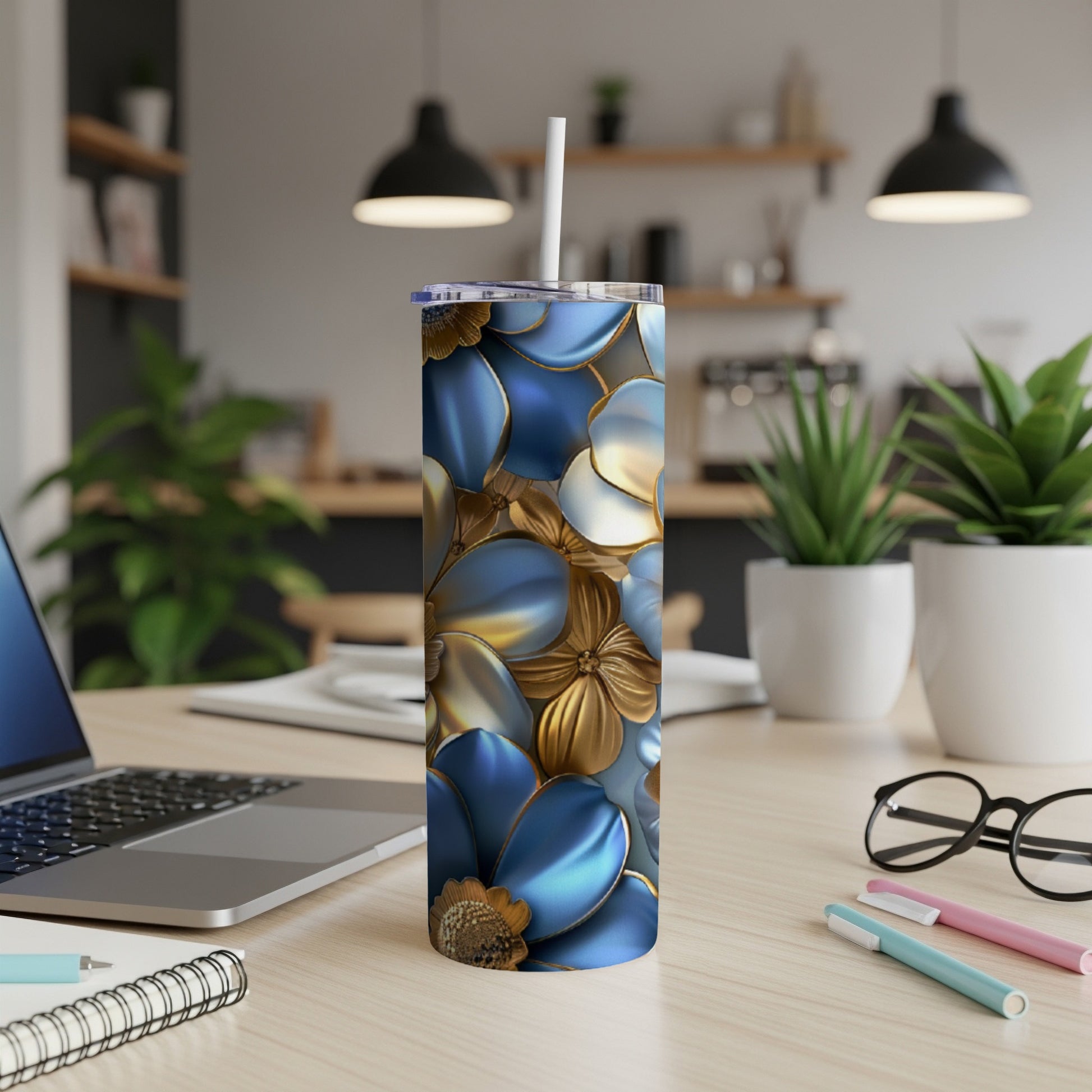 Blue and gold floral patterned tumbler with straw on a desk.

=-=-=-=-=

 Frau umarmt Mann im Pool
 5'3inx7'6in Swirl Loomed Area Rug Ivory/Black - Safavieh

=-=-=-=-=

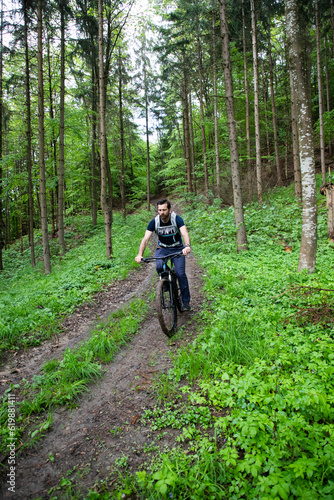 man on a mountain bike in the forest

=-=-=-=-=

For this task, write out exactly the lines of the entries above, starting at the line with "Frau umarmt Mann im Pool" and ending at the line with "5'3inx7'6in Swirl Loomed", both included, and no others.

 Frau umarmt Mann im Pool
 5'3inx7'6in Swirl Loomed Area Rug Ivory/Black - Safavieh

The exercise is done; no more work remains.